In Canada, the 1946 Kellock–Taschereau Commission investigated espionage after top-secret documents concerning RDX, radar and other weapons were handed over to the Soviets by a domestic spy-ring. [15]
At the House Un-American Activities Committee, former CPUSA members and NKVD spies, Elizabeth Bentley and Whittaker Chambers, testified that Soviet spies and communist sympathizers had penetrated the U.S. government before, during and after World War II. Other U.S. citizen spies confessed to their acts of espionage in situations where the statute of limitations on prosecuting them had run out. In 1949, anti-communist fear, and fear of American traitors, was aggravated by the Chinese Communists winning the Chinese Civil War against the Western-sponsored Kuomintang, their founding of the Communist China, and later China intervenes (October–December 1950) in the Korean War (1950–53) against U.S. ally South Korea.
A few of the events during the Red Scare were also due to a power struggle between director of FBI J. Edgar Hoover and the Central Intelligence Agency. Hoover had instigated and aided some of the investigations of members of the CIA with "leftist" history, like Cord Meyer. [16] This conflict could also be traced back to the conflict between Hoover and William J. Donovan, going back to the first Red Scare, but especially during World War II. Donovan ran the OSS (CIA's predecessor). They had differing opinions on the nature of the alliance with the Soviet Union, conflicts over jurisdiction, conflicts of personality, the OSS hiring of communists and criminals as agents, etc. [17]

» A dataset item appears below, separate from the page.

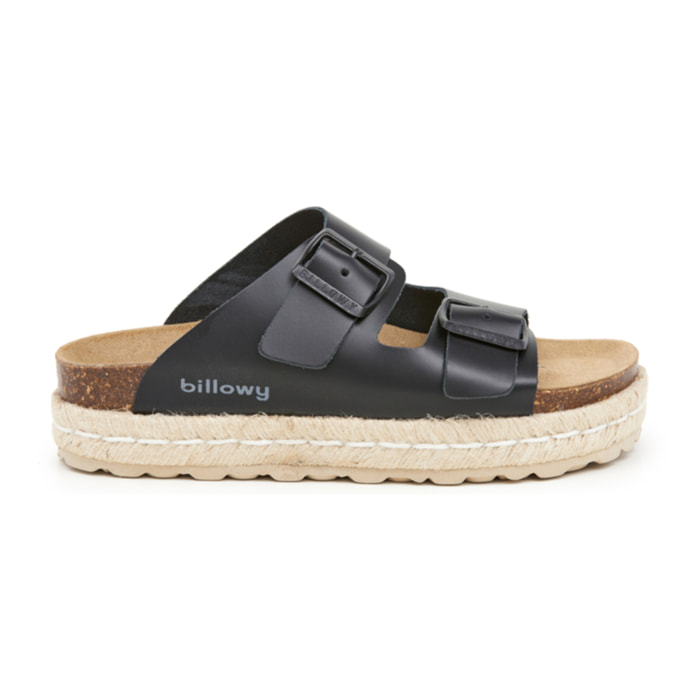 SANDALO CON ZEPPA BILLOWY NERO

Historian Richard Powers distinguishes two main forms of anti-communism during the period, liberal anti-communism and countersubversive anti-communism. The countersubversives, he argues, derived from a pre-WWII isolationist tradition on the right. Liberal anti-communists believed that political debate was enough to show Communists as disloyal and irrelevant, while countersubversive anticommunists believed that Communists had to be exposed and punished. [18] At times, countersubversive anticommunists accused liberals of being "equally destructive" as Communists due to an alleged lack of religious values or supposed "red web" infiltration into the New Deal. [18]

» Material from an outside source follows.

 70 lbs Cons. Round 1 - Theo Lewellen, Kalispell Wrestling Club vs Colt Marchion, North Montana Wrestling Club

Much evidence for Soviet espionage existed, according to Democratic Senator and historian Daniel Moynihan, with the Venona project consisting of "overwhelming proof of the activities of Soviet spy networks in America, complete with names, dates, places, and deeds." However, Moynihan argued that because sources like the Venona project were kept secret for so long, "ignorant armies clashed by night". With McCarthy advocating an extremist view, the discussion of communist subversion was made into a civil rights issue instead of a counterintelligence one. [19] This historiographical perspective is shared by historians John Earl Haynes [20] and Robert Louis Benson. [21] While President Truman formulated the Truman Doctrine against Soviet expansion, it is possible he was not fully informed of the Venona intercepts, leaving him unaware of the domestic extent of espionage, according to Moynihan and Benson. [22]

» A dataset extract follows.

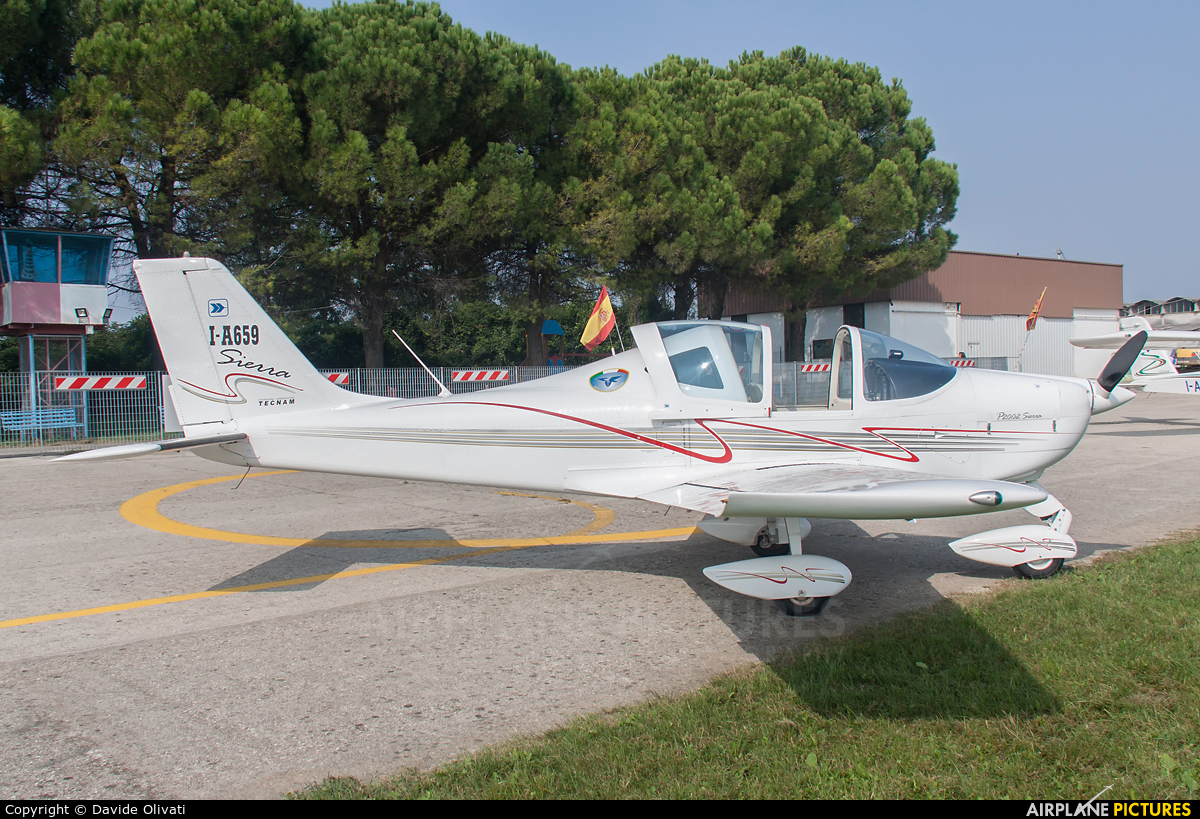Private I-A659 aircraft at Thiene - Arturo Ferrarin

By the 1930s, communism had become an attractive economic ideology, particularly among labor leaders and intellectuals. By 1939, the CPUSA had about 50,000 members. [23] In 1940, soon after World War II began in Europe, the U.S. Congress legislated the Alien Registration Act (aka the Smith Act , 18 USC § 2385) making it a crime to "knowingly or willfully advocate, abet, advise or teach the duty, necessity, desirability or propriety of overthrowing the Government of the United States or of any State by force or violence, or for anyone to organize any association which teaches, advises or encourages such an overthrow, or for anyone to become a member of or to affiliate with any such association"—and required Federal registration of all foreign nationals. Although principally deployed against communists, the Smith Act was also used against right-wing political threats such as the German-American Bund, and the perceived racial disloyalty of the Japanese-American population (cf. hyphenated-Americans).
After the Soviet Union signed the non-aggression Molotov–Ribbentrop Pact with Nazi Germany on August 23, 1939, negative attitudes towards communists in the United States were on the rise. While the American communist party at first attacked Germany for its September 1, 1939 invasion of western Poland, on September 11 it received a blunt directive from Moscow denouncing the Polish government. [24] On September 17, the Soviet Union invaded eastern Poland and occupied the Polish territory assigned to it by the Molotov–Ribbentrop Pact, followed by co-ordination with German forces in Poland. [25] [26] The CPUSA turned the focus of its public activities from anti-fascism to advocating peace, not only opposing military preparations, but also condemning those opposed to Hitler. The party did not at first attack President Roosevelt, reasoning that this could devastate American Communism, blaming instead Roosevelt's advisors. [27]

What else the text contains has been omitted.